Overhaul the state comparison code

The state comparison code is quite complicated. It has very long functions and is programmed mostly using C idioms and is difficult to understand and debug. It is in need of an overhaul:

  • cleanup, refactoring, usage of C++ features.
  • The state comparison code works by infering types of blocks allocated on the heap by following pointers from known roots (global variables, local variables). Usually the first type found for a given block is used even if a better one could be found later. By using a first pass of type inference, on each snapshot before comparing the states, we might use a better type information on the different blocks.
  • We might benefit from adding logic for handling some known types. For example, both std::string and std::vector have a capacity which might be larger than the current size of the container. We should ignore the corresponding elements when comparing the states and infering the types.
  • Another difficulty in the state comparison code is the detection of dangling pointers. We cannot easily know if a pointer is dangling and dangling pointers might lead us to choose the wrong type when infering heap blocks. We might mitigate this problem by delaying the reallocation of a freed block until there is no blocks pointing to it anymore using some sort of basic garbage-collector.

Hashing the states

In order to speed up the state comparison an idea was to create a hash of the state.
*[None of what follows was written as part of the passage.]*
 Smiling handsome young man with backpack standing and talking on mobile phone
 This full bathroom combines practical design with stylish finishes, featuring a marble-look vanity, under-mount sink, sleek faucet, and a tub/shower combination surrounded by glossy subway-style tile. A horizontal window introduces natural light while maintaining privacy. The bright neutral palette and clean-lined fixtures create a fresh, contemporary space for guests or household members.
Only states with the same hash would need to be compared using the state comparison algorithm. Some information should not be inclueded in the hash in order to avoid considering different states which would otherwise would have been considered equal.

The states could be indexed by their hash. Currently they are indexed by the number of processes and the amount of heap currently allocated (see DerefAndCompareByNbProcessesAndUsedHeap).
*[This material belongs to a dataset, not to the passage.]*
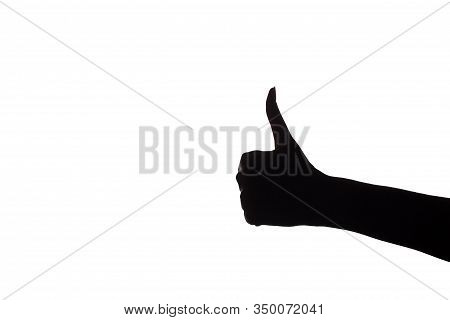 Hand Showing The Ok Gesture, Everything Is Good Or Like It. The Hand Holds The Thumb Up. Dark Hands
Good candidate informations for the state hashing:

  • number of processes;
  • their backtraces (instruction addresses);
  • their current simcall numbers;
  • some simcall arguments (eg. number of elements in a waitany);
  • number of pending communications;
  • etc.

Some basic infrastructure for this is already in the code (see mc_hash.cpp) but it is currently disabled.
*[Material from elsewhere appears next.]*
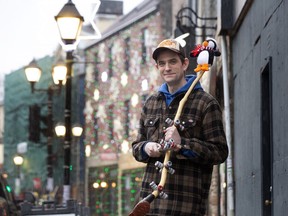 Dave Rowe, owner of O'Brien's Music Store poses with an ugly stick: a traditional Newfoundland and Labrador percussion musical instrument, outside his shop on Water St., St. John's, on Dec. 4, 2023.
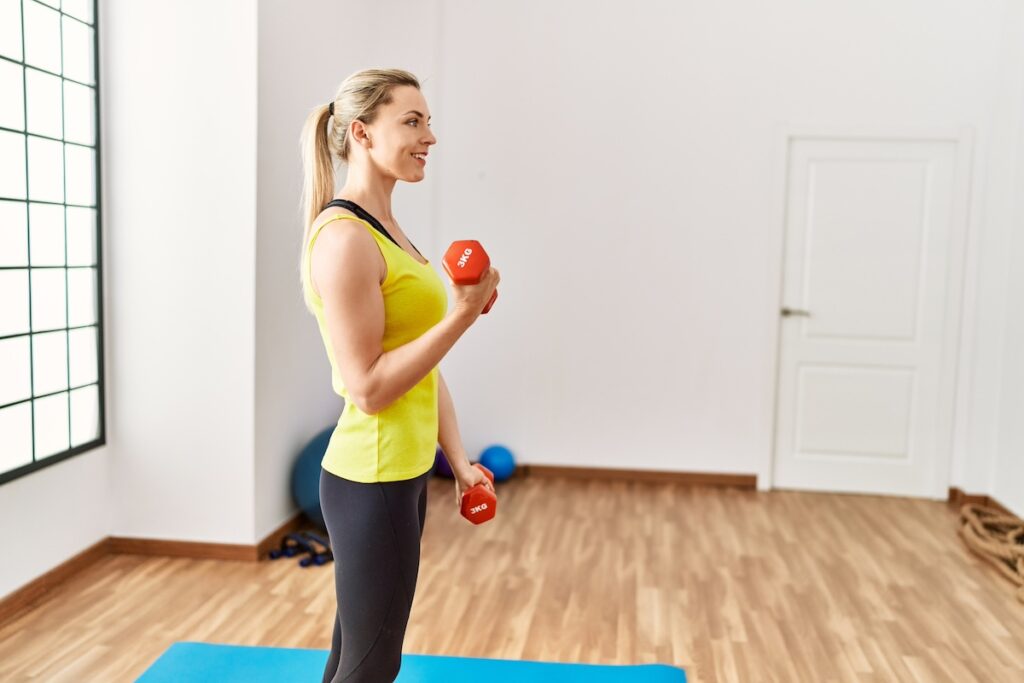 Mom doing dumbbell strength exercises at home, illustrating strength training for busy moms.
Separate the model-checker code from libsimgrid

Interface with the model-checked processes

The model-checker reads many information about the model-checked process by process_vm_readv()-ing brutally the data structure of the model-checked process leading to some horrible code such as walking a swag from another process. It prevents us as well from replacing some XBT data structures with standard C++ ones. We need a sane way to expose the relevant information to the model-checker.

Generic simcalls

We have introduced some generic simcalls which can be used to execute a callback in SimGrid Maestro context. It makes it a lot easier to interface the simulated process with the maestro. However, the callbacks for the model-checker which cannot decide how it should handle them. We would need a solution for this if we want to be able to replace the simcalls the model-checker cares about by generic simcalls.

Defining an API for writing Model-Checking algorithms

Currently, writing a new model-checking algorithms in SimGridMC is quite difficult: the logic of the model-checking algorithm is mixed with a lot of low-level concerns about the way the model-checker is implemented. This makes it difficult to write new algorithms and difficult to understand, debug, and modify the existing ones. We need a clean API to express the model-checking algorithms in a form which is closer to the text-book/paper description. This API must be exposed in a a language which is more adequate to this task.

Tasks:

  1. Design and implement a clean API to express model-checking algorithms. A Session class currently exists for this but is not feature complete and should probably be rewritten. It should be easy to create bindings for different languages on top of this API.
  2. Create a binding to some better suited, dynamic, scripting language (e.g., Lua).
  3. Rewrite the existing model-checking algorithms in this language using the new API.